Ma Biden ha dichiarato che, se Israele deciderà per la rappresaglia, lo farà senza il sostegno americano.
Io credo che a governare non sia Biden, completamente bollito e rincitrullito anche dal punto di vista mentale, ma altri potentati. Basti pensare che, dei primi 100 miliardi donati all’Ucraina in armamenti, ben 60 sono rimasti alla lobby delle armi Usa. Le elezioni si avvicinano, gli americani sono stufi di questa gestione dei conflitti e probabilmente guarderanno altrove. Ciò è estremamente pericoloso: qualcuno potrebbe pensare di spingere sulla guerra totale prima che diventi più complicata per il cambio di presidenza.

Teme davvero lo scoppio della terza guerra mondiale?
Il rischio può esserci. Anche prima dello scoppio delle due precedenti guerre mondiali nessuno pensava che il conflitto potesse raggiungere determinate dimensioni. Ma bisogna attribuire le giuste responsabilità: è colpa dei palestinesi o di chi li sta sterminando? È colpa della Russia o dell’estensione della Nato?

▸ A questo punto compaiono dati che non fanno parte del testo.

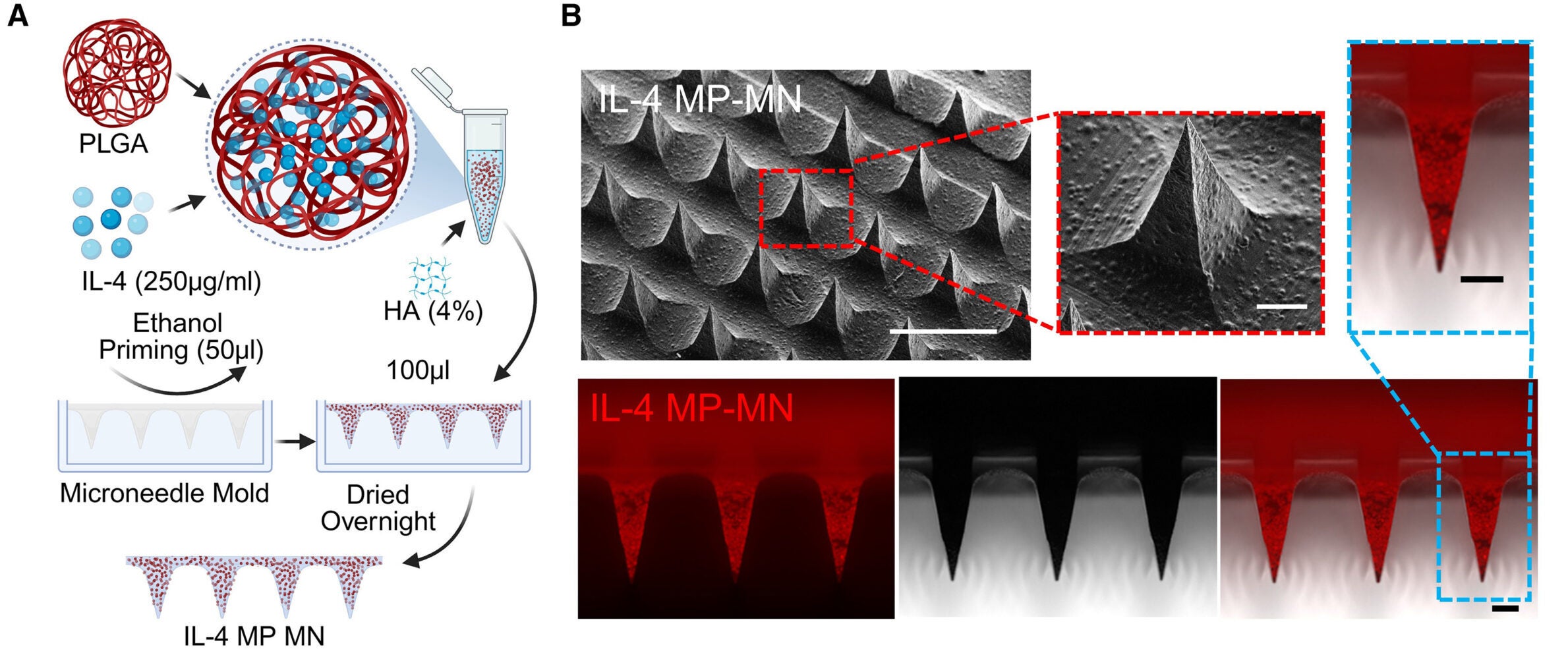 IL-4 microparticle-loaded microneedle patch promotes M2-like macrophage polarization and stimulates cardiac cell proliferation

Lo stesso discorso riguarda anche la guerra in Ucraina?
Io condanno l’azione militare russa, che sta costando centinaia di migliaia di morti. Ma è innegabile quanto sostiene da tempo Papa Francesco: l’approccio imperialista della Nato, che ha disatteso molte delle promesse fatte alla Russia, estendendo i propri confini armati a pochi chilometri da Mosca. Parlare di imperialismo russo o di Putin come nuovo Hitler è un approccio ideologico e disonesto.